You did a great job confronting it Yiwah. I was thinking about this topic today. My nephew is 17 and in the closet. He stepfather is a homophobe. I have no idea what is in store for him or how he is ever going to feel safe coming out. I wish I knew what I could do for him to make him feel it is okay to be who he is.

Along the same line - a friend of mine recently came out and is in a caring and committed relationship with another woman. As a straight girl she did not have to confront homophobia but now they are verbally attacked pretty much everywhere since she came out.

 

epaulo13 epaulo13's picture

Russia’s queer democratisation

Augusto Come, 27 May 2011

Quote:

LGBT people in Russia face a daily battle with homophobia and discrimination, and the decision to ban tomorrow's Gay Pride March is but a symbol of that. Yet a new generation of activists give many reasons to be optimistic, writes Augusto Come. Their determined fight for rights is playing an important part in a more general democratisation of the country.

Quote:

Thanks to its pioneering work on Pride and other LGBT issues, GayRussia has managed to position itself as the leading advocate of LGBT rights in Russia. Not everyone in the human rights movement agree with their approach: some accuse its 34-year old figurehead, Nikolai Alekseev, of deliberately offending Russia’s sensitive society through overly provocative campaigns. However, it is undeniable that this new generation of activists has managed to successfully bring LGBT rights to the centre of political and societal debate. In this sense, the Moscow Gay Pride has been a winning strategy....

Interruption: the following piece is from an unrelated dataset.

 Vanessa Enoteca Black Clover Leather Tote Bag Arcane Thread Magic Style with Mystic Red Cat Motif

http://www.opendemocracy.net/od-russia/augusto-come/russia%E2%80%99s-que...

..i apologize for posting this in this thread. It was the closest i could find that was relevent.

Red Tory Tea Girl

I think I've run out of the requisite energy to get angry everytime people use Gay and LGBT as synonyms, and then not mention the last two letters at all, as though to be trans is a technicality.

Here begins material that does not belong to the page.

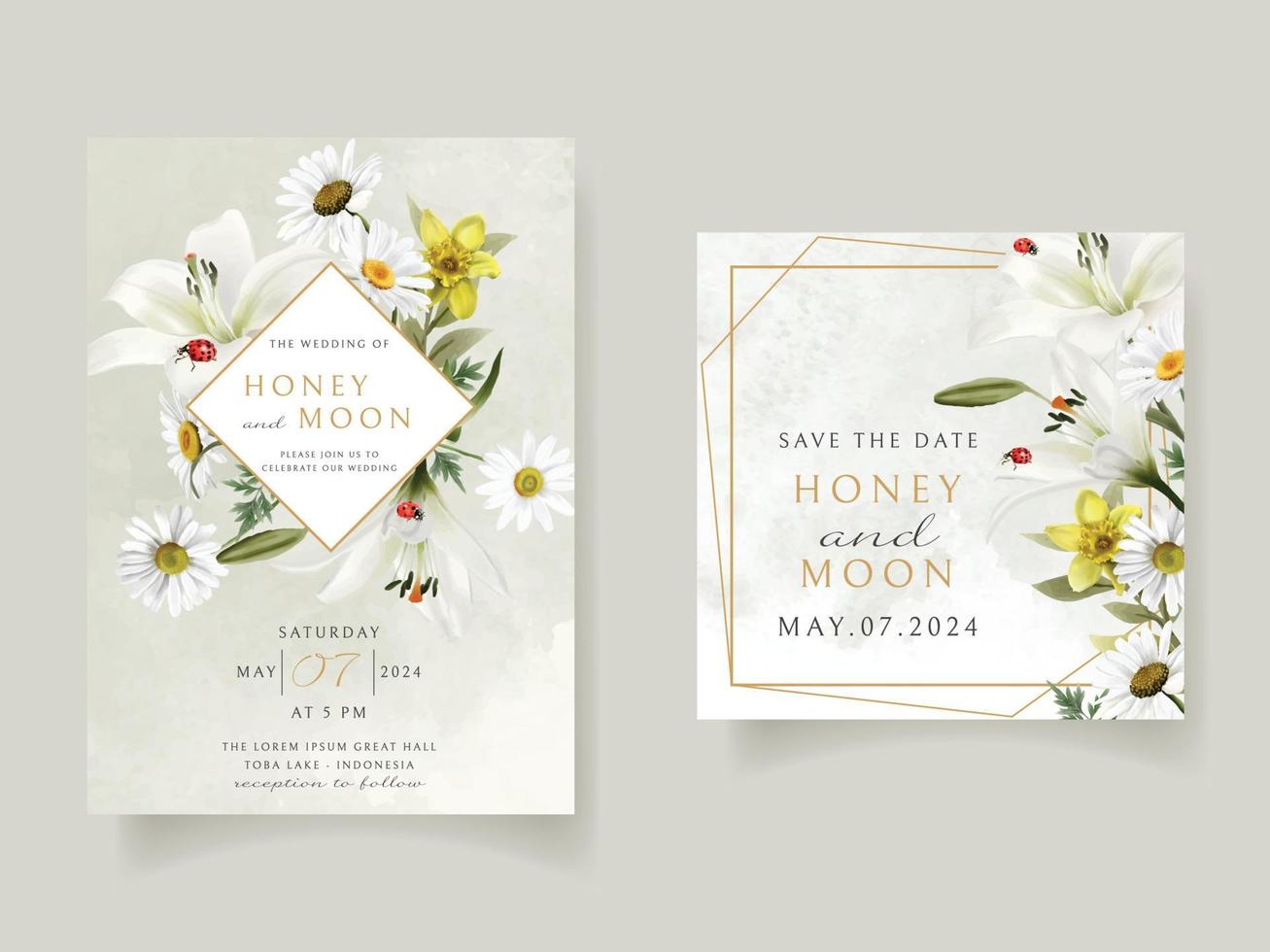 belle carte d'invitation de mariage floral et coccinelles vecteur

That carping aside, the actions of the Russian government, as they often are, are horrible and seem to underline a hypothesis that Gwynne Dyer presented regarding patriarchy and militarism back in 1994. The less free a government, the more it must exclude some of its oppressed to increase the status of some of its marginally-less-oppressed, otherwise a repressive government has nothing to offer its people in terms of total benefit.

milo204

i still think the best thing to do is directly confront the people who are being homophobic.  I remember last year a similar situation where a gay couple was confronted by some assholes in a public park, for holding hands.

several people jumped in and chased the homophobes right out of the park.  we tried to be civil, but since that's obviously not in the vocab of bigots, it quickly degenerated into telling them if they didn't leave, we were going to pick them up and throw them out.  

personally theres nothing i love more than letting my feeling be known directly to the smug face of some homophobic/racist/sexist ass.  And they get really embarrassed when loudly confronted for it too, which is a great feeling.

i would have loved to see grandma get chewed out in public and ultimately humiliated for being such a pathetic example of humanity.